**TASK DESCRIPTION**
Below are records; the lines starting at the one with "32 Buxton Lane, Boynton Beach FL 33426" and ending at the one with "Couvre-épaules pour guerriers en peau..." must be reproduced exactly, both included. Pictures must not appear.

**DATA SHOWN**
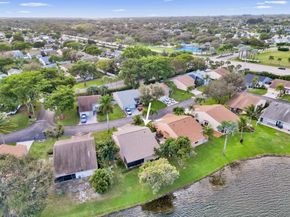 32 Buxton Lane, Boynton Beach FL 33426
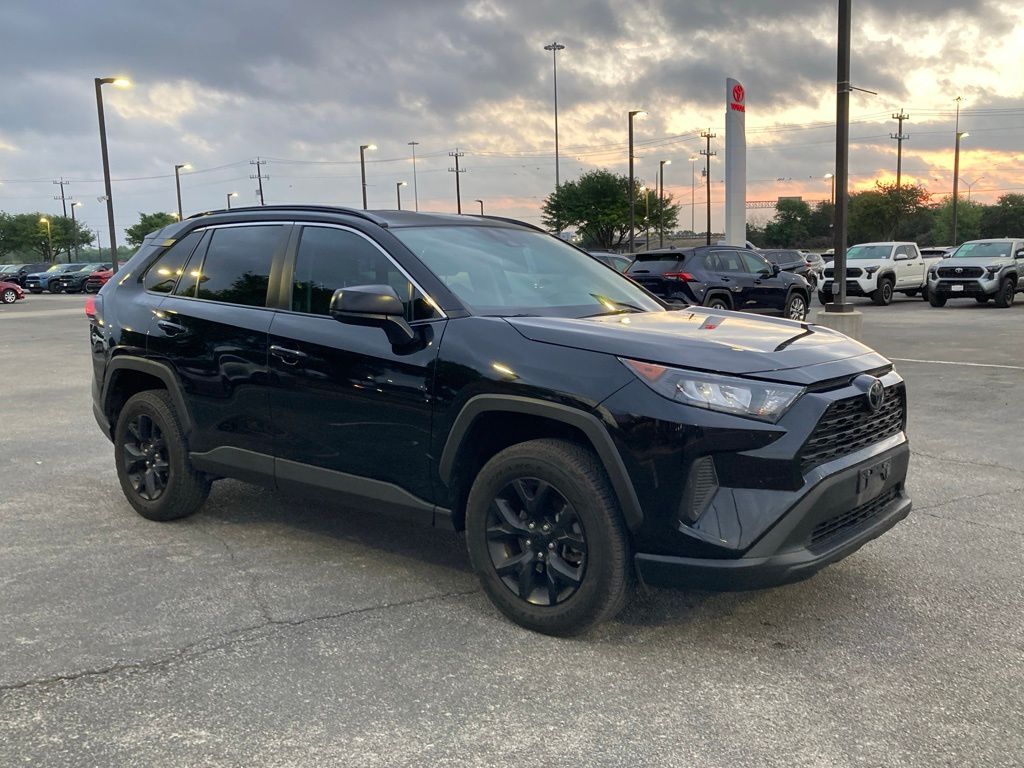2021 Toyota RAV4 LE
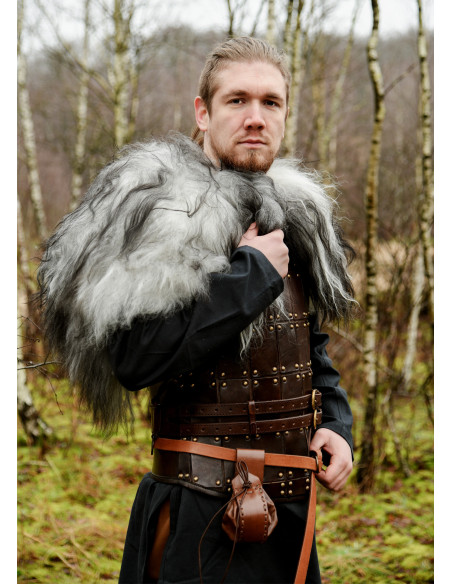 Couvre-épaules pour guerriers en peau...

...

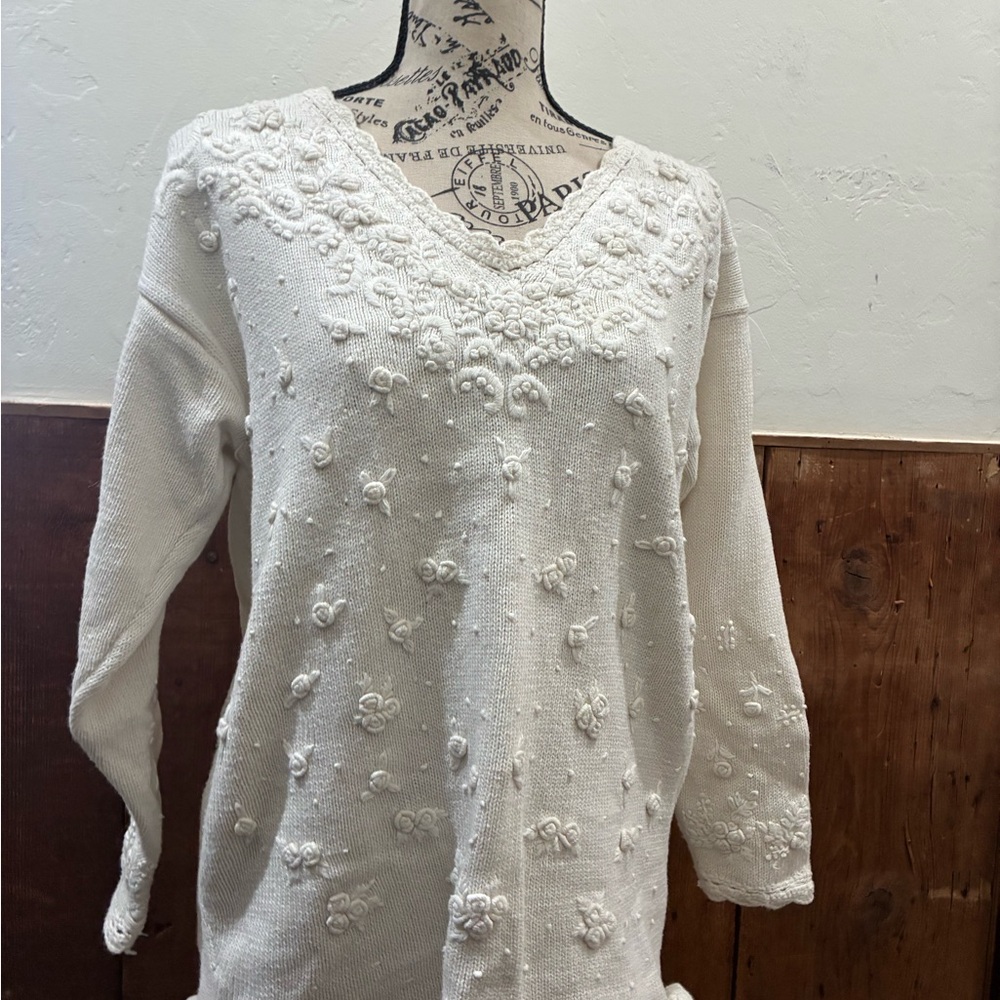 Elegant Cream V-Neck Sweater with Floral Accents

--

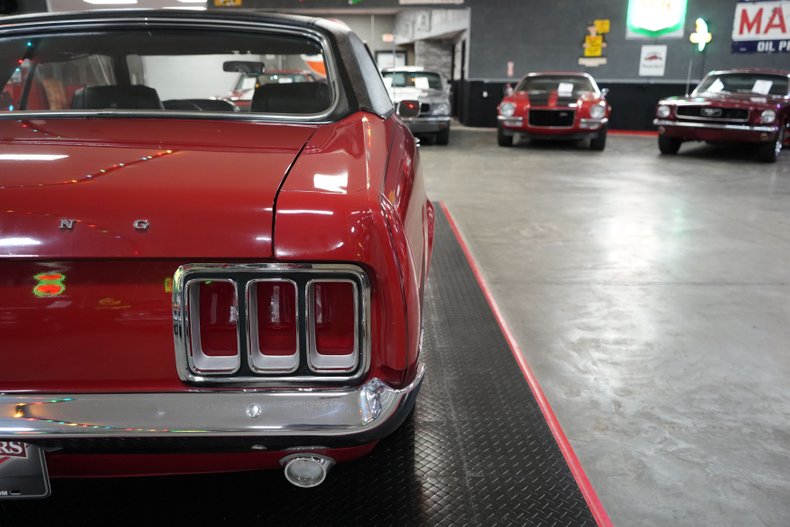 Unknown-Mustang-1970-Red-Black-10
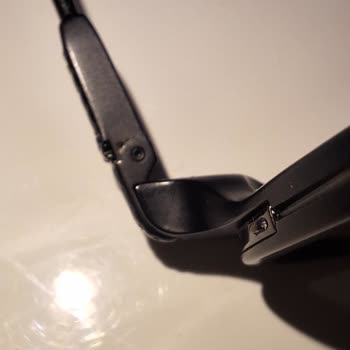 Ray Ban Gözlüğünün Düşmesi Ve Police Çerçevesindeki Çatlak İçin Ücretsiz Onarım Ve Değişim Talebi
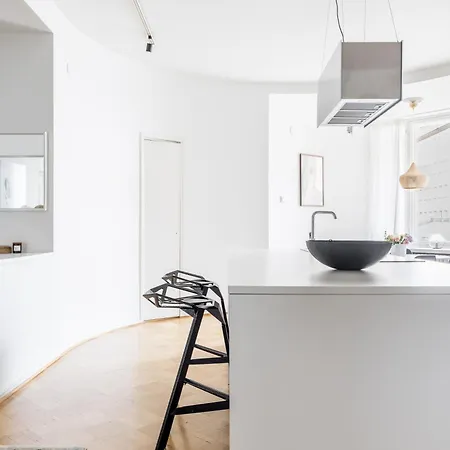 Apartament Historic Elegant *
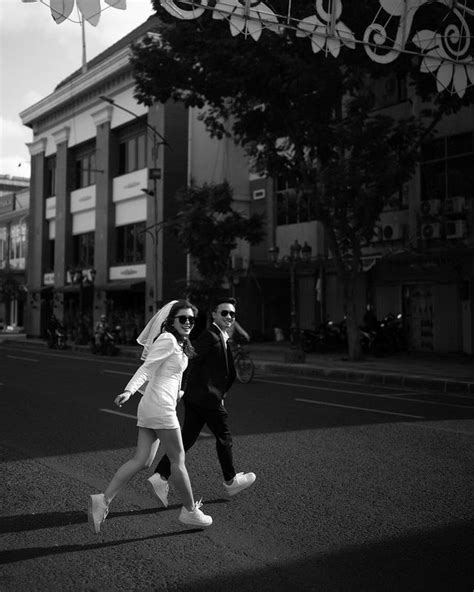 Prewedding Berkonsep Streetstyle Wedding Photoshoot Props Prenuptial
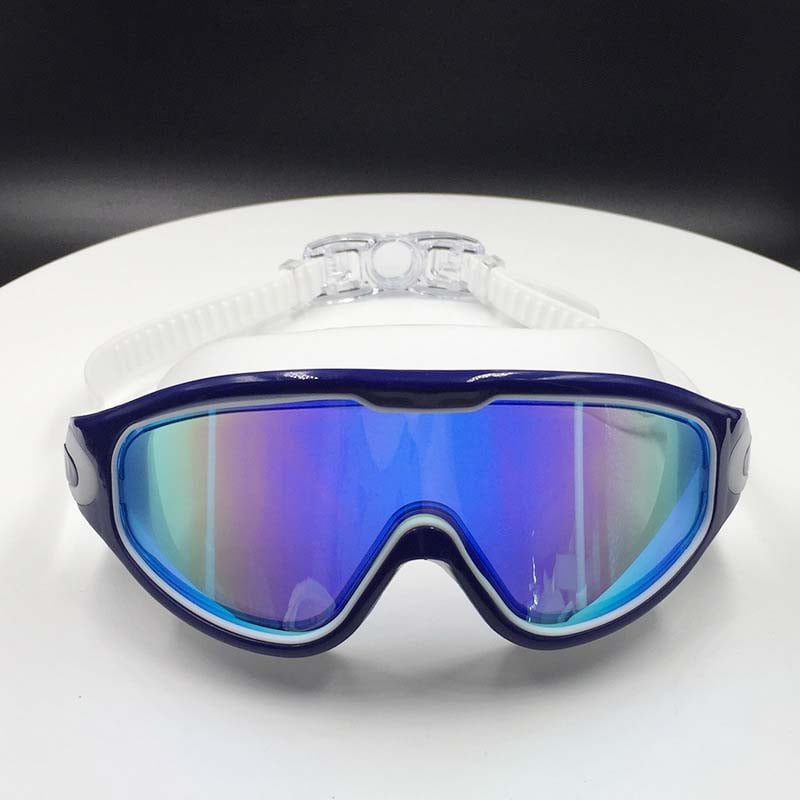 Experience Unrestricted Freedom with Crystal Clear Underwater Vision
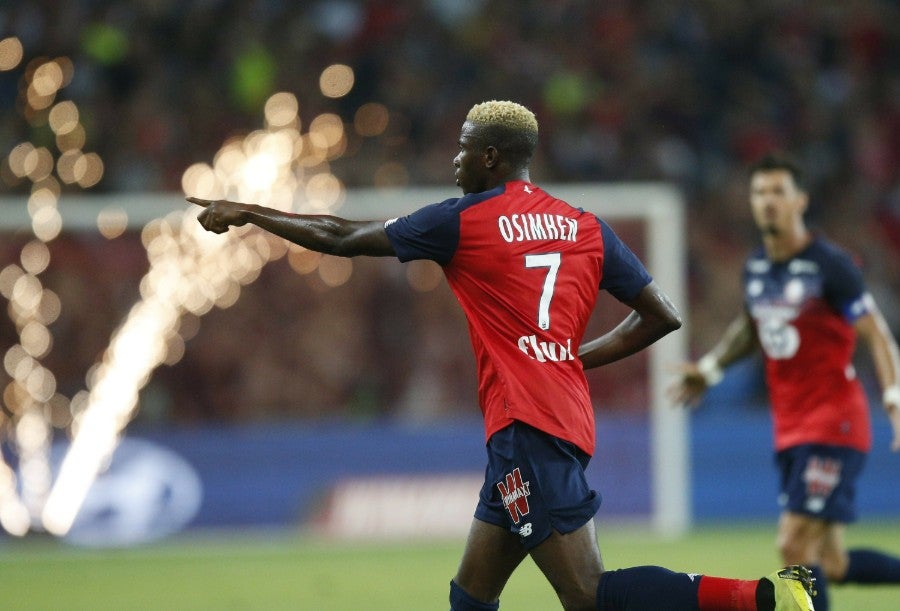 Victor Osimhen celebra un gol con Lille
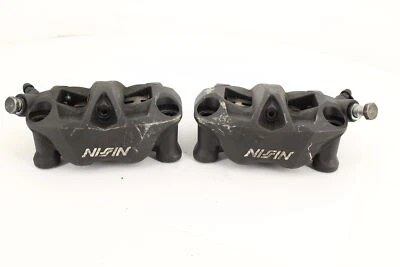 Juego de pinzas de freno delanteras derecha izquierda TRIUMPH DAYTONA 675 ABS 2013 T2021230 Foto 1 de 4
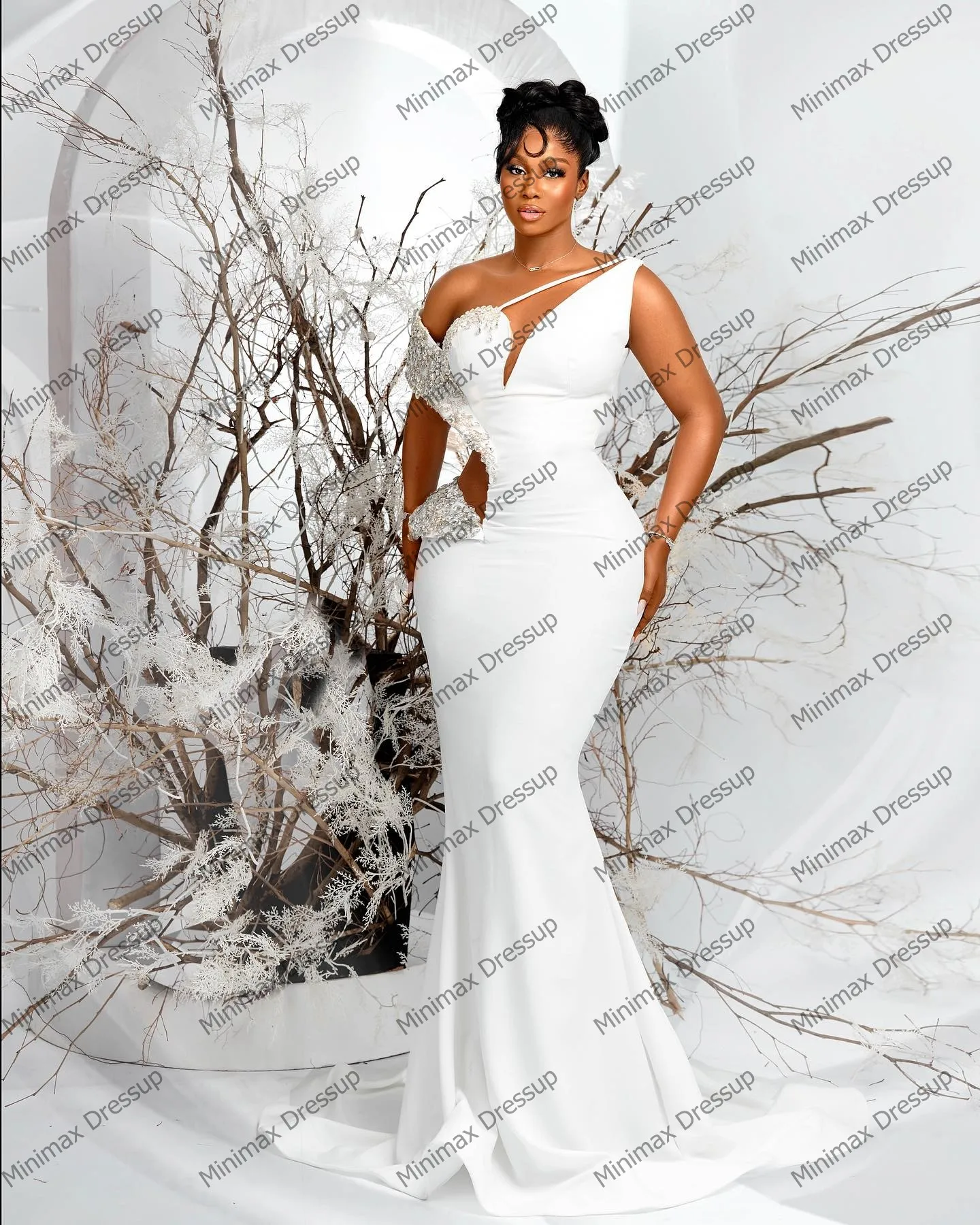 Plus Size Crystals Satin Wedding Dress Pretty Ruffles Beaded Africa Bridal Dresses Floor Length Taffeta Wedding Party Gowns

**RESPONSE AREA**
 32 Buxton Lane, Boynton Beach FL 33426
2021 Toyota RAV4 LE
 Couvre-épaules pour guerriers en peau...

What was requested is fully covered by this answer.